**DATASET EXTRACT**

•••

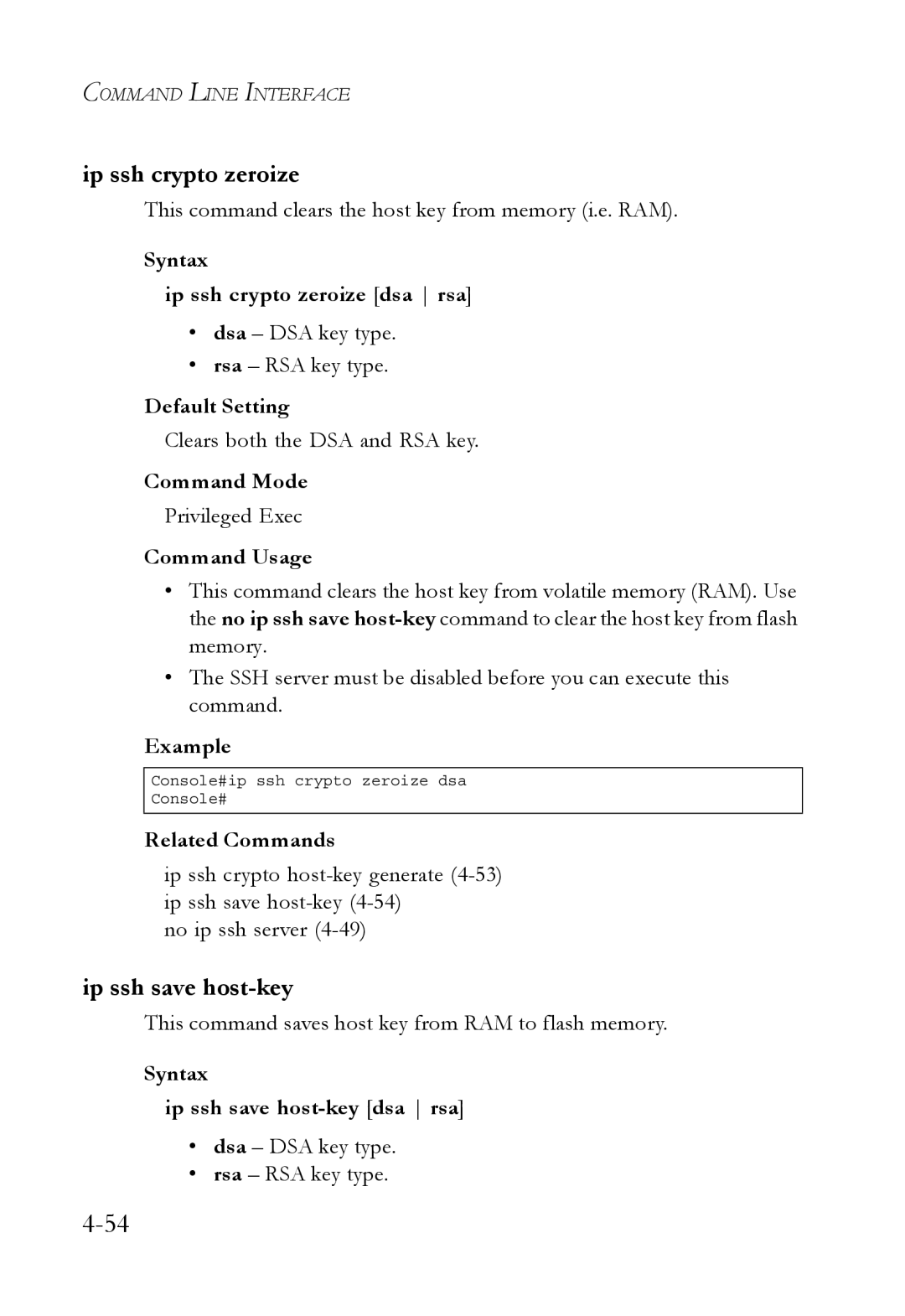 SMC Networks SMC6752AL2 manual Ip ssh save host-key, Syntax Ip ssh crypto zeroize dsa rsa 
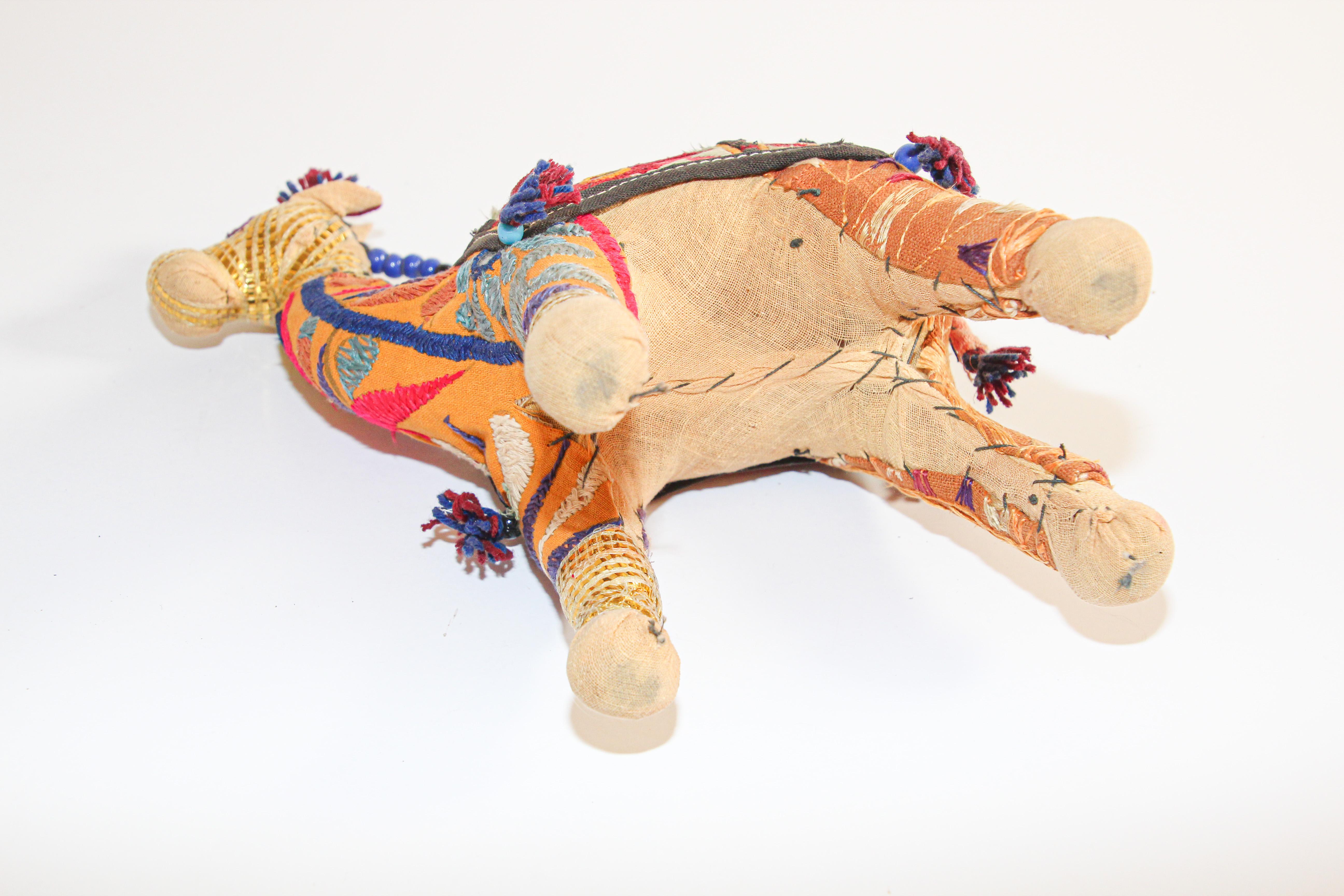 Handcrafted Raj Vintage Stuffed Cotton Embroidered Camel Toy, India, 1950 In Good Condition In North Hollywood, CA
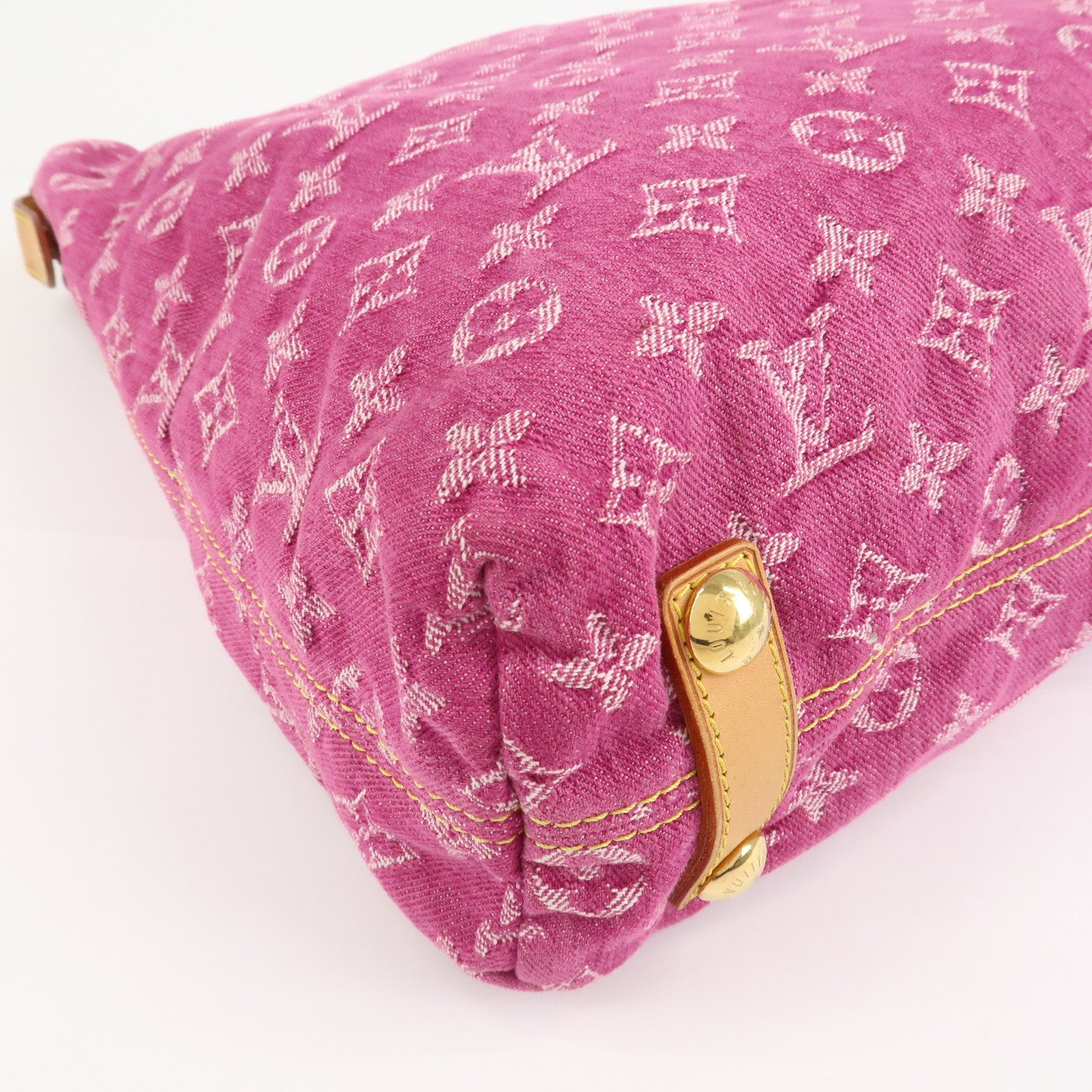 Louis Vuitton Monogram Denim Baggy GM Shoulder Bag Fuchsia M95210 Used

•••

**WHAT YOU NEED TO DO**
In your output, repeat the listing above exactly and include none of the pictures.

**EXPECTED ANSWER**
 SMC Networks SMC6752AL2 manual Ip ssh save host-key, Syntax Ip ssh crypto zeroize dsa rsa 
 Handcrafted Raj Vintage Stuffed Cotton Embroidered Camel Toy, India, 1950 In Good Condition In North Hollywood, CA
 Louis Vuitton Monogram Denim Baggy GM Shoulder Bag Fuchsia M95210 Used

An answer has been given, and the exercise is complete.